In dem zugrunde liegenden Fall warben die Mitarbeiter eines Telekommunikationsanbieters auf öffentlichen Straßen, Plätzen und Einkaufszentren mit Pre-Selection-Verträgen. Dazu traten sie auf Passanten zu und sprachen sie direkt an. Die Deutsche Telekom sah darin eine unzulässige Werbung und hielt dies für wettbewerbswidrig. Sie klagte daher auf Unterlassung. Das Landgericht Köln gab der Klage statt. Das Oberlandesgericht Köln wies die Berufung des verklagten Telekommunikationsunternehmens zurück. Seiner Meinung nach, habe der Unterlassungsanspruch unter dem Gesichtspunkt des Kundenanreißens durch Belästigung und aufgrund der Überrumpelung bzw. Verstrickung der Kunden bestanden. Gegen das Berufungsurteil legte der Telefonanbieter Revision ein.
Der Bundesgerichtshof entschied gegen das Telekommunikationsunternehmen. Der Deutschen Telekom habe der Unterlassungsanspruch zugestanden. Denn das gezielte Ansprechen von Personen an öffentlichen Orten sei grundsätzlich als wettbewerbswidrig anzusehen (vgl. BGH, Urt. v. 08.04.1960 - I ZR 24/59 = GRUR 1960, 431 und BGH, Urt. v. 08.07.1999 - I ZR 118/97 = GRUR 2000, 235).
Die Wettbewerbswidrigkeit habe sich nach Ansicht des Bundesgerichtshofs jedoch nicht daraus ergeben, dass viele Passanten durch die persönliche Ansprache in eine Zwangslage versetzt werden, der sie sich häufig nur dadurch entziehen zu können glaubten, dass sie auf das Angebot eingehen. Die Gefahr einer solchen Verstrickung oder Überrumpelung und damit eines unerwünschten Vertragsschlusses habe angesichts des heutigen mündigen Verbrauchers nicht mehr bestanden. Eine solche Werbemethode sei daher, zumindest was die Gefahr einer Zwangslage anbelangt, nicht mehr als unlauter anzusehen.

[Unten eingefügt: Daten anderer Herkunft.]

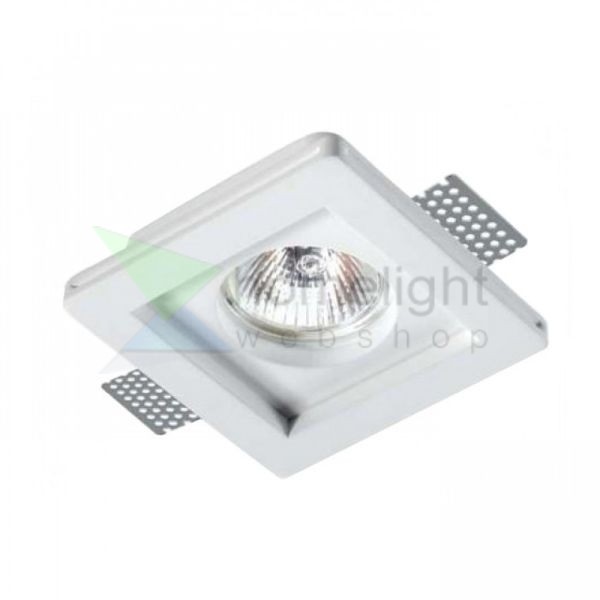 GESSO süllyesztett lámpa gipsz 12V GU5,3 35W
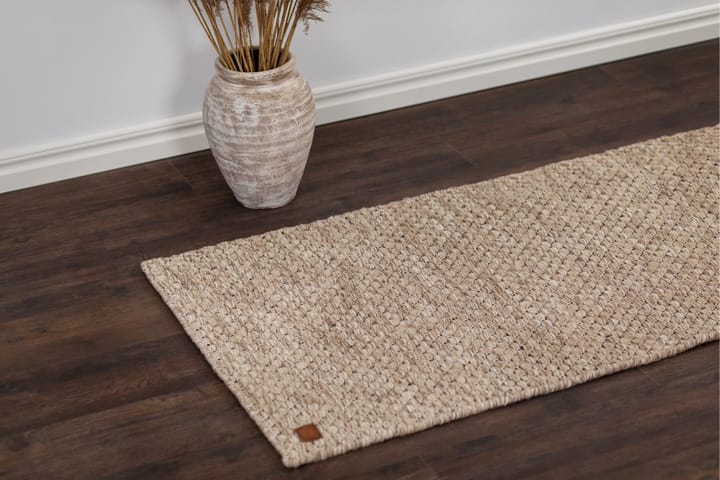 Villamatto Torekov 75x150 cm Pellava - Pellavanbeige - Kodintekstiilit & matot - Matto - Moderni matto - Villamatto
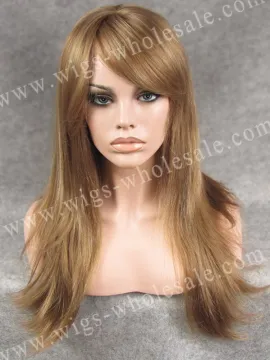 side part lace front wig blonde synthetic wholesale straight party queen qingdao
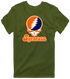 Syracuse Stealie Premium Unisex T-Shirt — Design: Syracuse University — Military Green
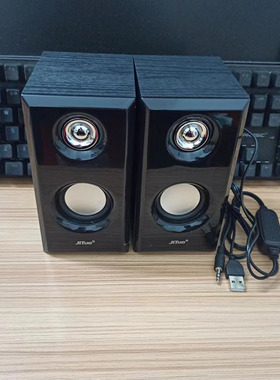 技腾多媒体木质音箱笔记本音响台式电脑usb迷你3D环绕立体声手机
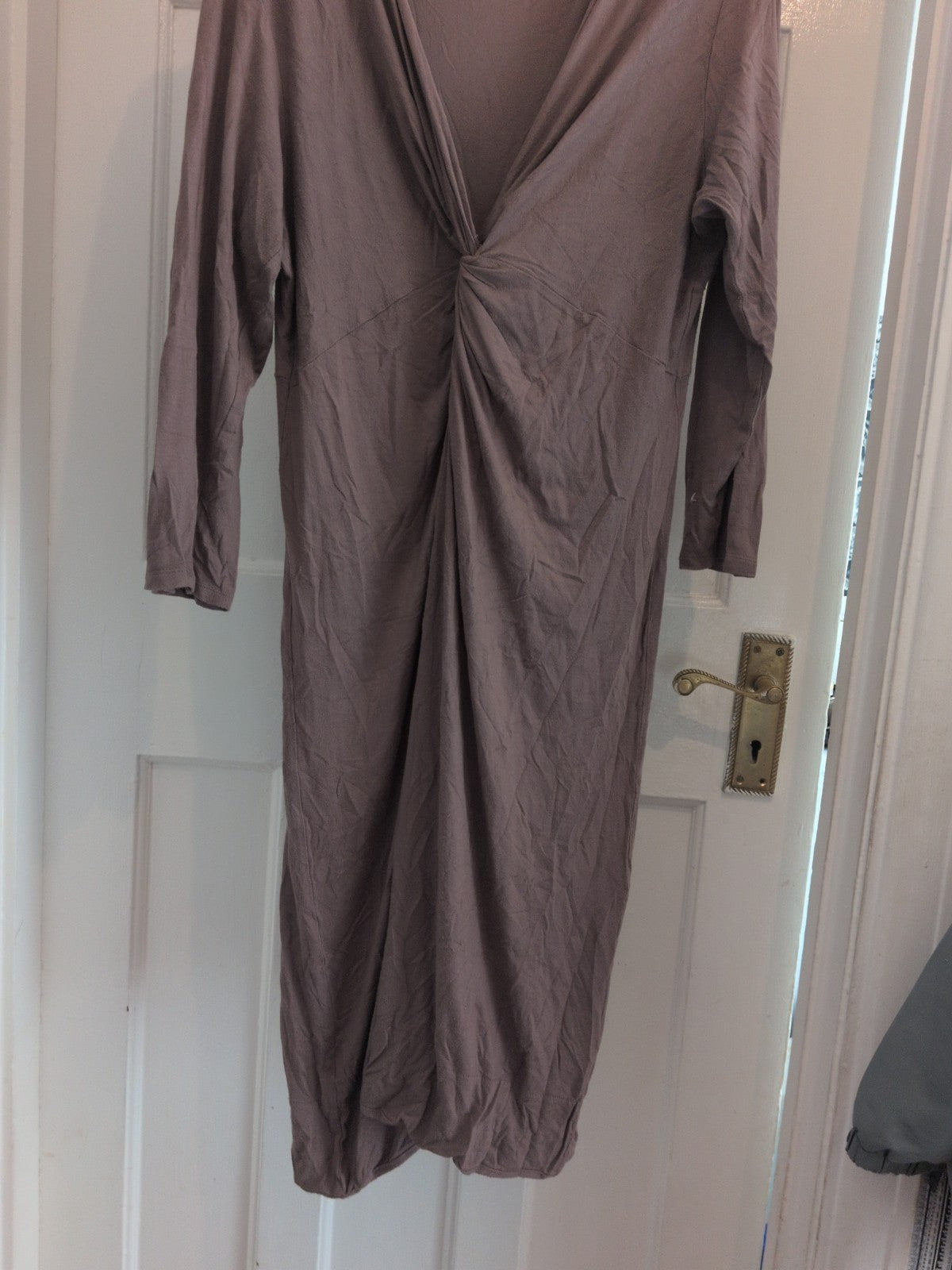 Dartington M/L Mocha V Neck Long Sleeve Dress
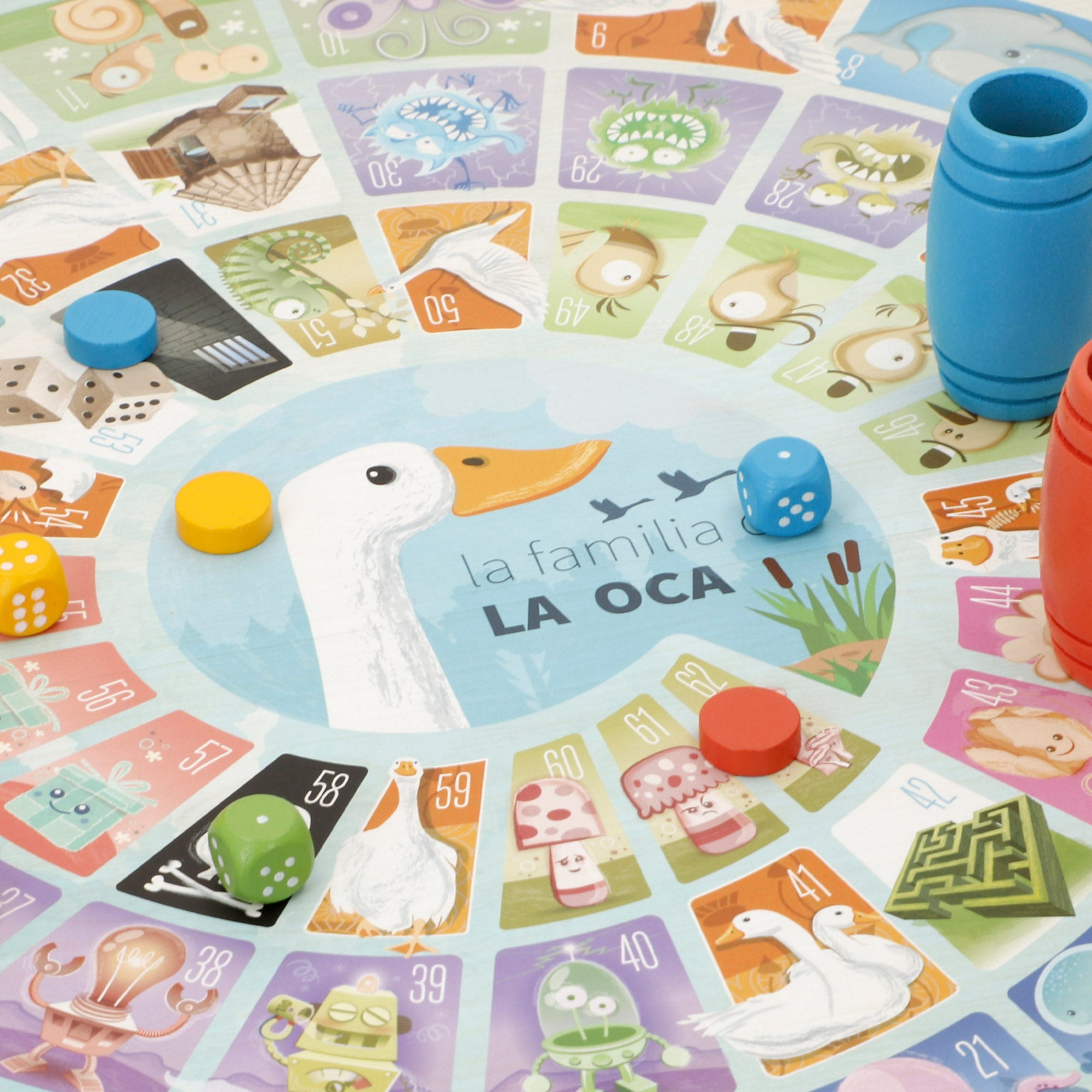 Tablero parchís y oca 2 en 1 CB Games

Die Unlauterkeit der Werbung habe sich aber nach Auffassung des Gerichtshofs aus dem belästigenden Charakter der Werbemethode ergeben. Die Belästigung habe sich daraus ergeben, dass ein Eingriff in die Individualsphäre des Passanten und in sein Recht im öffentlichen Raum weitestgehend ungestört zu bleiben, bestand. Dabei ergebe sich die Schwere des Eingriffs nicht so sehr aus der einzelnen Werbemaßnahme, sondern aus der Gefahr der Nachahmung. Werde eine solche Werbemethode zugelassen, bestehe die Gefahr, dass eine Vielzahl von Anbietern von dieser Methode Gebrauch machen. Dies würde zu einer unerträglichen Beeinträchtigung der umworbenen Verbraucher führen.

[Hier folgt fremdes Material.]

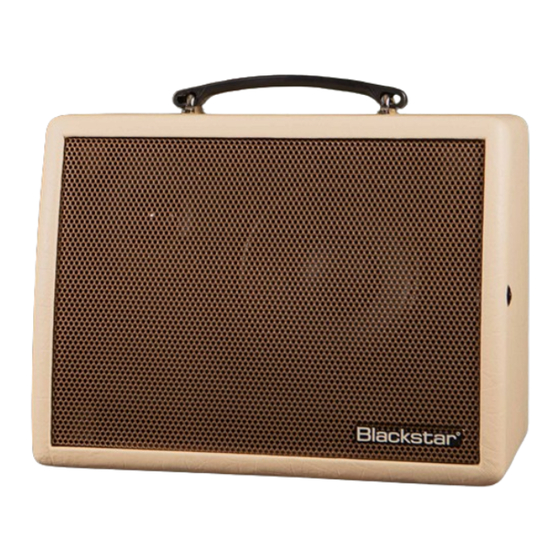 Blackstar Amplification Sonnet 60 Owner's Manual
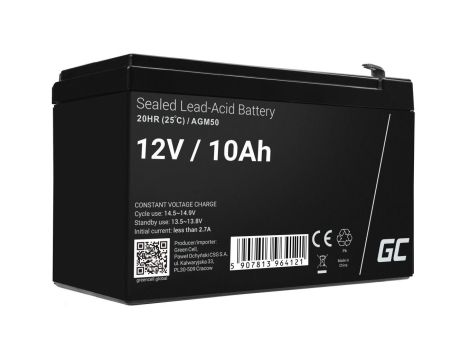 Green Cell AGM VRLA 12V 10Ah bezobsługowy akumulator do UPS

Dazu komme aus Sicht der Bundesrichter, dass sich ein Werbender, der sich als solcher nicht zu erkennen gibt, das Gebot der Höflichkeit der Passanten ausnutzt. Denn unter zivilisierten Menschen sei es höflich und üblich, einer fremden Person nicht von vornherein abweisend und ablehnend gegenüberzutreten. Auch daraus habe sich die Unlauterkeit der Werbemaßnahme ergeben.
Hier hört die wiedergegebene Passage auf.